Resque isn't so great after all. We used it with around 600-1000 jobs per minute and not without problems. The failure backends could be better. We need the retry backend and for that you have to install another gem. The retry feature was kind of not working so well and really hard to debug (thanks to EventMachine and Resque's a bit too complicated failure backend).
Our solution was to build yet another queueing and worker system. For queues Beanstalkd is way faster and way more reliable than Redis. Instead of EventMachine I built the workers with Ruby threads and making a retry system on top of it wasn't really a problem.

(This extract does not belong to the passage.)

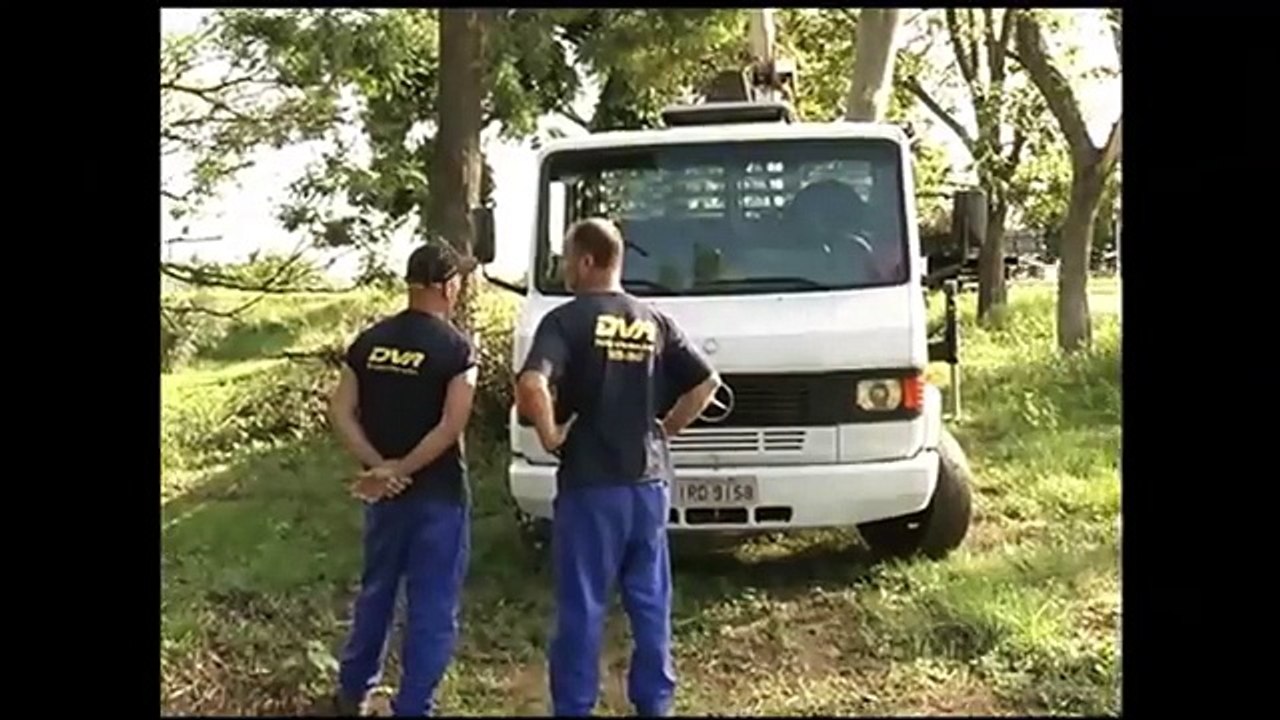 Os sinais do temporal que abalou Porto Alegre em 29 de janeiro continuam lembrando o acontecimento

Our error percentage dropped from around 10% to 0.0001% on average. Maybe some day I might release this as a gem, if world really needs yet another queueing system.
I respect your opinion on different messaging solutions (Resque VS Beanstalkd) however since we spend a lot of efforts to make sure Redis is very reliable I wonder what's the reliability problem you experienced with Redis. Thanks!

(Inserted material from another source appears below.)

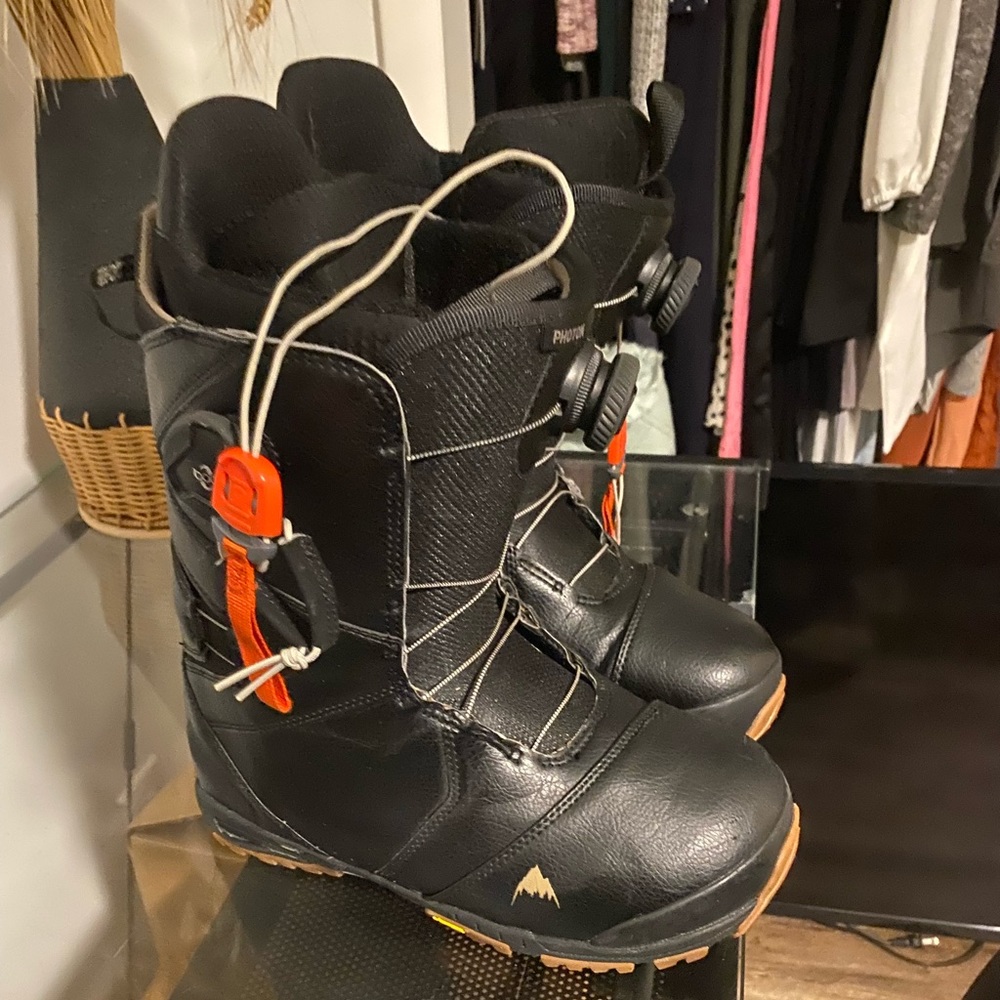Burton Men’s Photon Snowboard boots. Size 9. Used - like new.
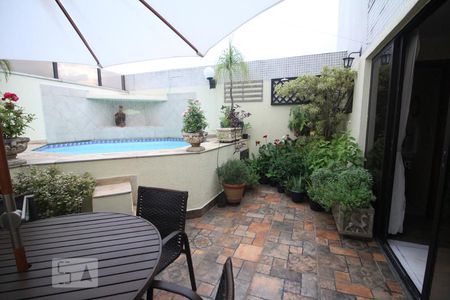 Apartamento à venda com 230m², 3 quartos e 3 vagas Apartamento à venda com 230m², 3 quartos e 3 vagasArea Gourmet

A different issue, but one that's burned me several times is when things go wrong with resque (or sidekiq), life goes to hell pretty quickly because redis needs to fit everything in memory. E.g., if a third party resource goes down and jobs hitting it all of a sudden start exceptioning and get thrown into a retry queue, all those stacktraces sitting around in memory accumulate very quickly. redis fills up, the OS kills it, it starts back up, loading an older DB, and then restarts processing all those jobs that just failed, without an exponential backoff. And this process will basically repeat ad nauseum.
I'm not sure a whole lot can be done, other than resurrecting the old debate over something like diskstore. And while EC2 is memory-constrained, dealing with this situation isn't a matter of just adding more memory, because that will be filled up as well. redis would either need to be able to spill over onto disk or the processing model would need to be changed. We ended up doing the latter, eschewing stacktraces for retried jobs, adding monitoring to disable queues that have a very high failure rate, etc.

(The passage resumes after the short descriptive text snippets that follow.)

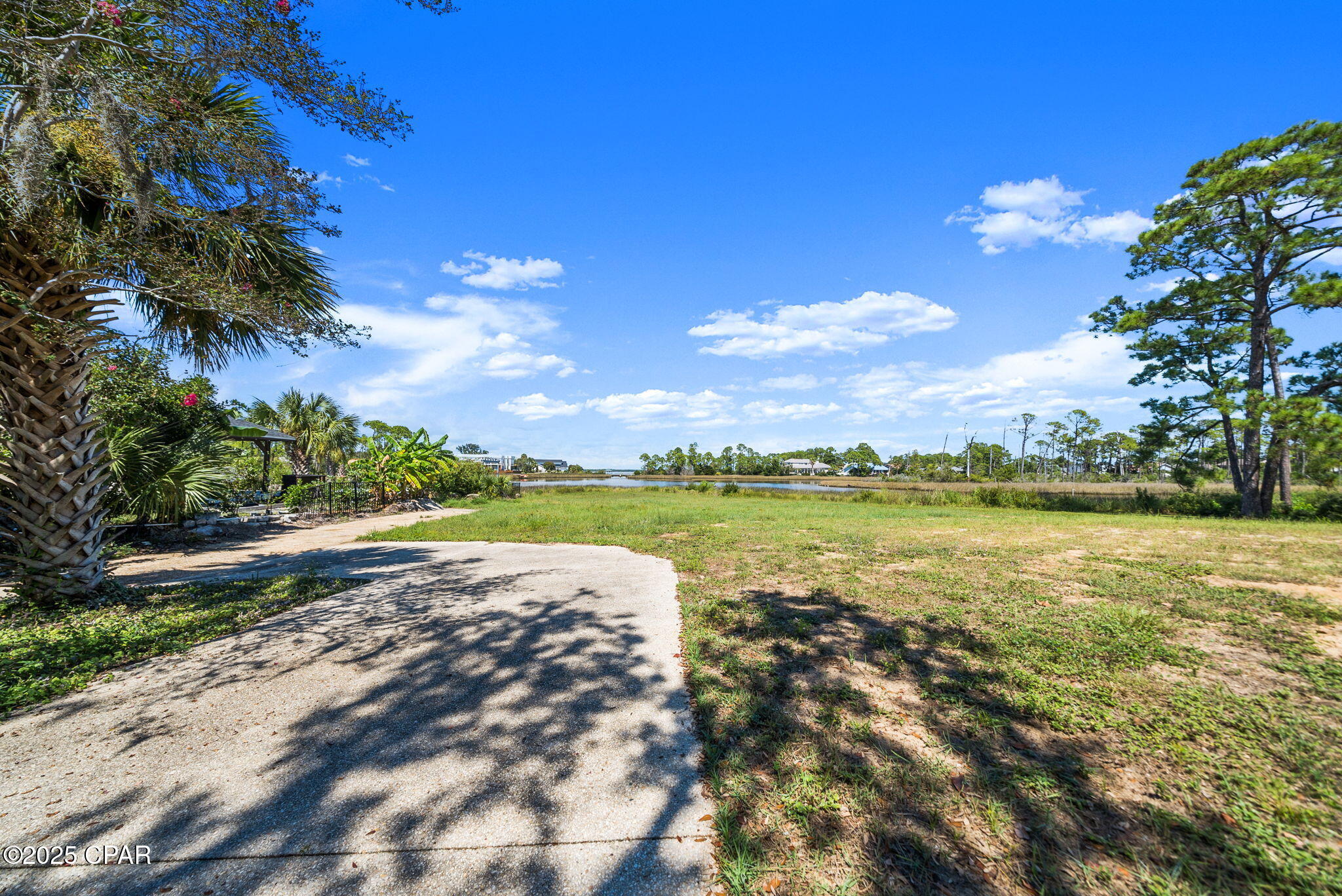 3046 W 30th Court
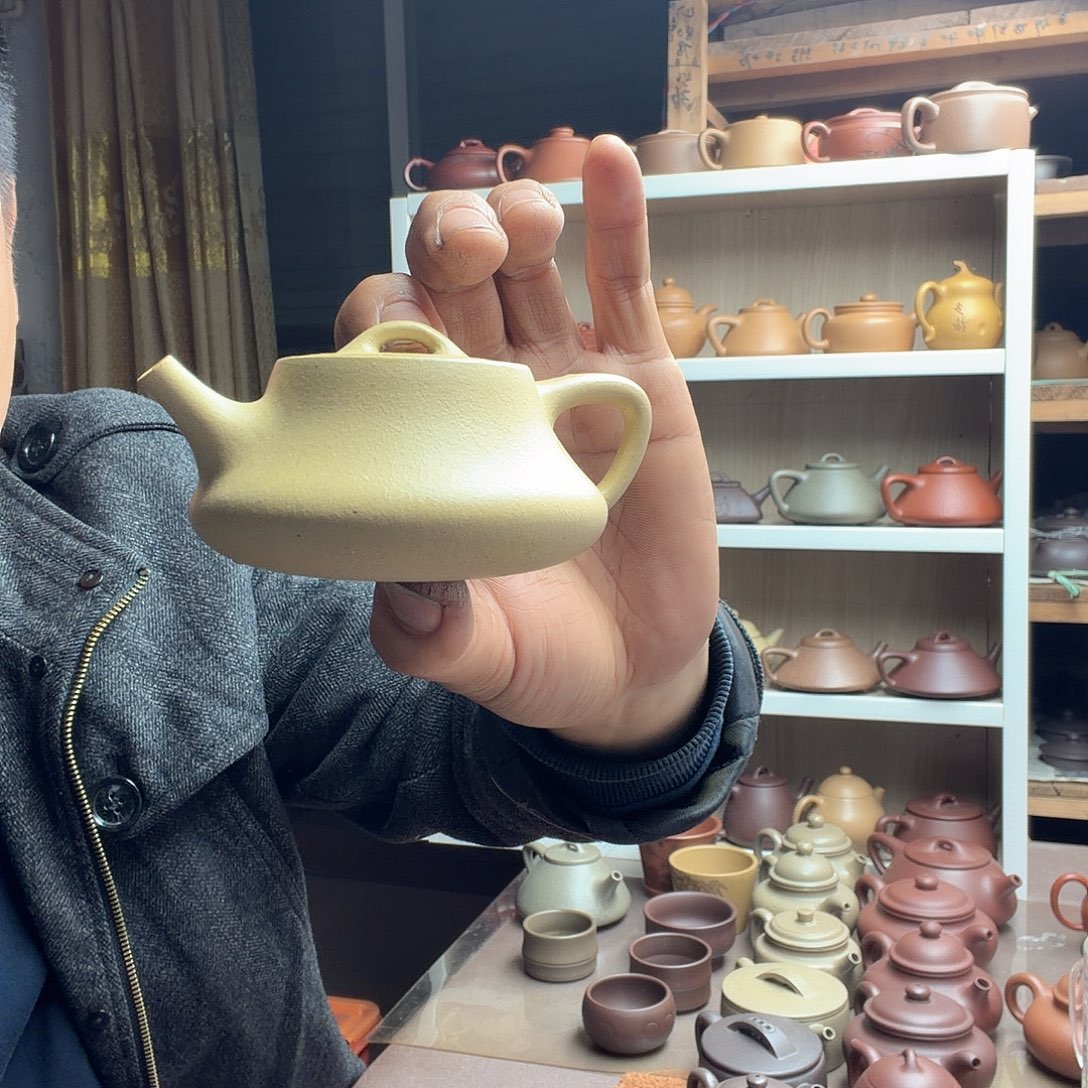 惊***现紫砂茶壶我在外面吃饭呢你在哪
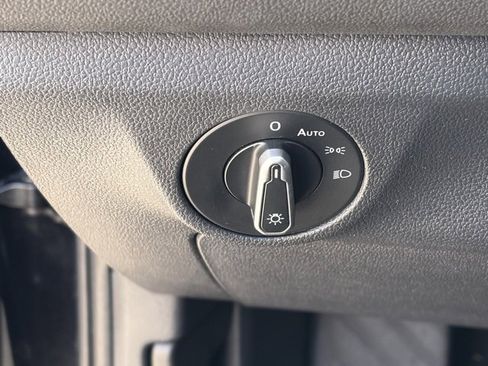 Used 2024 Volkswagen Jetta SE w/ Black Wheel Package image 26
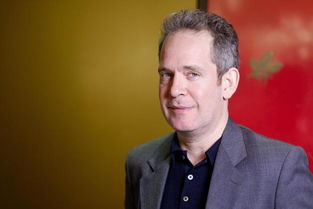 tom hollander,Early Life and Education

I'll second this. It's the Resque backtraces that have caused us a few problems. And on a VPS RAM is your most expensive resource, possibly making Resque/Redis not such a good fit.
Well, of course we'll need a retrying system with delay, so that's a sorted set then together with the work item list.
I prefer simple solutions and I know it was our fault we got a data loss with Redis. Still Beanstalkd queues have been causing less pain than Resque and Redis together. Integrated delays, tubes and deadlines are really nice.
Altogether the reliability comes from the deadlines. If my worker gets stuck (well, it's Ruby), we don't lose the work item. Doing pop on Redis will delete the item from the queue, but in Beanstalkd you reserve the item and delete it when you're done.
We're actually using a combination of Beanstalkd and Redis (to make up for beanstalks lack of durability).
Before pushing a job to beanstalk we encode the entire job a 'current-jobs' hashmap in redis, our worker transfers it to a 'busy-jobs' hashmap before processing, and then deletes it if successful or transfers back to current-jobs if failed gracefully.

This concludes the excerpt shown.